Higher gas prices anticipated as OPEC+ denies Biden’s pleas, slashes oil output

by Jacob Fuller

Vicky Arias, FISM News

 

OPEC+, the official organization of oil producing and exporting countries, announced on Wednesday a decision to reduce its oil output, a move that will increase the financial strain on Americans already weary from inflation.

Leaders of OPEC Plus countries met in person in Vienna on Wednesday for the first time since March 2020. As a result of the meeting, the leaders established a plan to slash oil production as “the Saudis appear determined to bring oil prices up,” according to the New York Times.

Reduced oil production equates to higher gas prices, yet another blow to Americans already feeling the pain of an ongoing recession and “inflation [that] hit a 40-year high of 9.1% in June,” according to the Consumer Price Index.

Opec+ is taking 2 million barrels of oil per day out of circulation, a staggering amount considering that it adds up to nearly 1% of the world’s entire supply.
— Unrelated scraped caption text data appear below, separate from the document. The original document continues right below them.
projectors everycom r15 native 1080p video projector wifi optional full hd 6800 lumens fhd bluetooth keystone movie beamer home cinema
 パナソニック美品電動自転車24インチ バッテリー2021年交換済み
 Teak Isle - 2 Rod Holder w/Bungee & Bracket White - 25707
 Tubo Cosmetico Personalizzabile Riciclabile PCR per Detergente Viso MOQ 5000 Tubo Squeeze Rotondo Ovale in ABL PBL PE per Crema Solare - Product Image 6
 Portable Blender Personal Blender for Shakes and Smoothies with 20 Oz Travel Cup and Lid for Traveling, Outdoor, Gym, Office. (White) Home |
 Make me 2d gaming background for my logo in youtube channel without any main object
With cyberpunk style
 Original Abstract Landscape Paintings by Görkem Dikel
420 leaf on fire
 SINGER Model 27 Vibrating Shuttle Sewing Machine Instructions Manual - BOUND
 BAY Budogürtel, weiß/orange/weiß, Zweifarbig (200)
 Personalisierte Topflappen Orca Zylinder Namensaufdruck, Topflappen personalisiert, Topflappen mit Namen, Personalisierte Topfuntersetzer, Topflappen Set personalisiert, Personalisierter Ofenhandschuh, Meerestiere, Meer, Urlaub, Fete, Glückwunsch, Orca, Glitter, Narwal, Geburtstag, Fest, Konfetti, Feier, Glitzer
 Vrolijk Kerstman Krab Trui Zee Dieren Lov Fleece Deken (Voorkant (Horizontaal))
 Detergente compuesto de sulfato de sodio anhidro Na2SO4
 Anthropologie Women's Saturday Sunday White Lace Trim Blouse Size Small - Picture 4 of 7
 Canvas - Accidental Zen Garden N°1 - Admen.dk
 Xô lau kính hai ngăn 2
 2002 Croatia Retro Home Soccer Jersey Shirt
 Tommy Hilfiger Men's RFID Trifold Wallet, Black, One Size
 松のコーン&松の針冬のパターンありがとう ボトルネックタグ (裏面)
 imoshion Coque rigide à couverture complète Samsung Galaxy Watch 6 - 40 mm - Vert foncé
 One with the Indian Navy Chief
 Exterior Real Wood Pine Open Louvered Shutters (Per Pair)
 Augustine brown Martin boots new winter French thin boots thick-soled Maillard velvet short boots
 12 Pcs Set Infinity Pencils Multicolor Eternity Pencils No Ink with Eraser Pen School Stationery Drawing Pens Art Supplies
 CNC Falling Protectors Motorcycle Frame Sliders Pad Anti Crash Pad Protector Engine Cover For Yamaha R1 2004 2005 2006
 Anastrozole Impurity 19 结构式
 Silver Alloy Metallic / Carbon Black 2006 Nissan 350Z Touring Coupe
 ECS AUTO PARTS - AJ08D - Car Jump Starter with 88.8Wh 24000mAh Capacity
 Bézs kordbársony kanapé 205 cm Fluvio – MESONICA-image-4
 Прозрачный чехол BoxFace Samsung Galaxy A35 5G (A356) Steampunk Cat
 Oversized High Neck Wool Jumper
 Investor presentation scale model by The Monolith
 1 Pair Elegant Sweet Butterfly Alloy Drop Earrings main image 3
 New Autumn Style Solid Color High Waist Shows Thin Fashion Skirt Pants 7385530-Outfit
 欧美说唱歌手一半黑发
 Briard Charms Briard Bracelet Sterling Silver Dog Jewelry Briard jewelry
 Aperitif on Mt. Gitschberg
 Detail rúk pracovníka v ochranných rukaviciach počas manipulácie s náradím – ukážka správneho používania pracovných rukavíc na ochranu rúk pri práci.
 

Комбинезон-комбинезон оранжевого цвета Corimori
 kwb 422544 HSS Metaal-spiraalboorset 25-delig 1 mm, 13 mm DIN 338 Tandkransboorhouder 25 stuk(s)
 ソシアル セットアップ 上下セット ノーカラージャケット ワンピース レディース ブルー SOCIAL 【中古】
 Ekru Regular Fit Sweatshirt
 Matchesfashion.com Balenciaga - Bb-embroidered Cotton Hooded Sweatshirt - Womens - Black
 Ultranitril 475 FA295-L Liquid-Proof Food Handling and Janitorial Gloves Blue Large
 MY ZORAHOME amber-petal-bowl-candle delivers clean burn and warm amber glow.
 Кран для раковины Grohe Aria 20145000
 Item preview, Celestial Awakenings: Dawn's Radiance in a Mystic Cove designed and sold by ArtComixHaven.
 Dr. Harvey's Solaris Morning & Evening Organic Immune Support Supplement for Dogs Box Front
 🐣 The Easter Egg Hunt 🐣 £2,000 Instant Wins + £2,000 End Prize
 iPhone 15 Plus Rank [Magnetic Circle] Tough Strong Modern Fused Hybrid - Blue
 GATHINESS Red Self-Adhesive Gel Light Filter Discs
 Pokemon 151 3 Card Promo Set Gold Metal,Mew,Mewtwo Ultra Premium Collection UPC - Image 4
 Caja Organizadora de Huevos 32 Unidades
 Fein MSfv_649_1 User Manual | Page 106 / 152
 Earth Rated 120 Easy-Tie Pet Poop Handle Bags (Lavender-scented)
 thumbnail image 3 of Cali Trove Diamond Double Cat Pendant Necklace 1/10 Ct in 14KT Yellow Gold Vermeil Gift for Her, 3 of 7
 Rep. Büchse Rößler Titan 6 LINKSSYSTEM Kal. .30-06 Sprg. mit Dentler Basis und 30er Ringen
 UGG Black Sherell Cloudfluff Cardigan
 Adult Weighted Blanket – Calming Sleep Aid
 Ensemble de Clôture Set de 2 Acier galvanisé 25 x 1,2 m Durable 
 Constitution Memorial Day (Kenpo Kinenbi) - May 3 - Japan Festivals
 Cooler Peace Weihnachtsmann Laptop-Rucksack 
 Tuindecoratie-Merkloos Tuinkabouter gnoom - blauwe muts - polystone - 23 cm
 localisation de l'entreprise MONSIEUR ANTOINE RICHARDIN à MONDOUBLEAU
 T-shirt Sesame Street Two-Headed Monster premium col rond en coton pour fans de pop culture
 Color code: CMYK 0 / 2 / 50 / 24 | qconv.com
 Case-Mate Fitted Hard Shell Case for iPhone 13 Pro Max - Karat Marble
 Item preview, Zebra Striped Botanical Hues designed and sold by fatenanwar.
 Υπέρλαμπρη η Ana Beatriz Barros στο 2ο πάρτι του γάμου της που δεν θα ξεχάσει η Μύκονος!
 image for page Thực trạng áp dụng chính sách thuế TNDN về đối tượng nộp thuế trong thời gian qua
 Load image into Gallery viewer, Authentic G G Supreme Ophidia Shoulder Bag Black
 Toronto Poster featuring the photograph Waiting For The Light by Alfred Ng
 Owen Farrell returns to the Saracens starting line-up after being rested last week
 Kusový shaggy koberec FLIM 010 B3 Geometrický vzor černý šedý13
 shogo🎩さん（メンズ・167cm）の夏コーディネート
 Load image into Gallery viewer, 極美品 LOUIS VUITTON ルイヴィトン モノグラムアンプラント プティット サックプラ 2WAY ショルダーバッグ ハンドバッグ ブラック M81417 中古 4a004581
On the campaign trail, President Joe Biden promised a “plan to achieve a 100% clean energy economy and net-zero emissions” yet, in an apparent disregard for his green agenda, he continues to ask other nations to ramp up oil production.

Biden traveled to Saudi Arabia in July to ask the country to increase its oil production. The announcement today is a resounding “no” to the president’s request.

The president’s trip to Saudi Arabia received criticism as experts pointed out that “if the administration is serious about increasing supply, they should be meeting with producers here at home instead of looking to governments overseas,” Christina Noel, spokeswoman for the American Petroleum Institute, said.

Saudi leaders are rumored to be put off with President Biden after he released millions of barrels of oil from America’s petroleum reserves to foreign countries, a move that “dropped [America’s] oil stockpile to levels not seen in nearly 40 years,” as reported by FISM News.

President Biden continues to look for oil in other countries, even as he “simultaneously double[s] down on [his] climate agenda, canceling multiple oil and gas lease sales, revoking the Keystone XL pipeline permit and begging Middle Eastern producers to boost [oil] output,” according to Fox News.

In addition to asking for a handout from Saudi Arabia, President Biden pleaded with the socialist regime of Venezuela in March for more oil.

Sen. Tom Cotton (R-Ark.) has been a critical opponent of Biden’s reliance on foreign oil.

“We should be producing as much of our own oil and gas in America as we can. It was very, very pathetic when Joe Biden went hat in hand to [OPEC member] Venezuela … asking them to produce more oil rather than going to North Dakota or Texas or Arkansas or Louisiana, and asking [them] to produce more oil,” Sen. Cotton said in a statement to Fox News in July.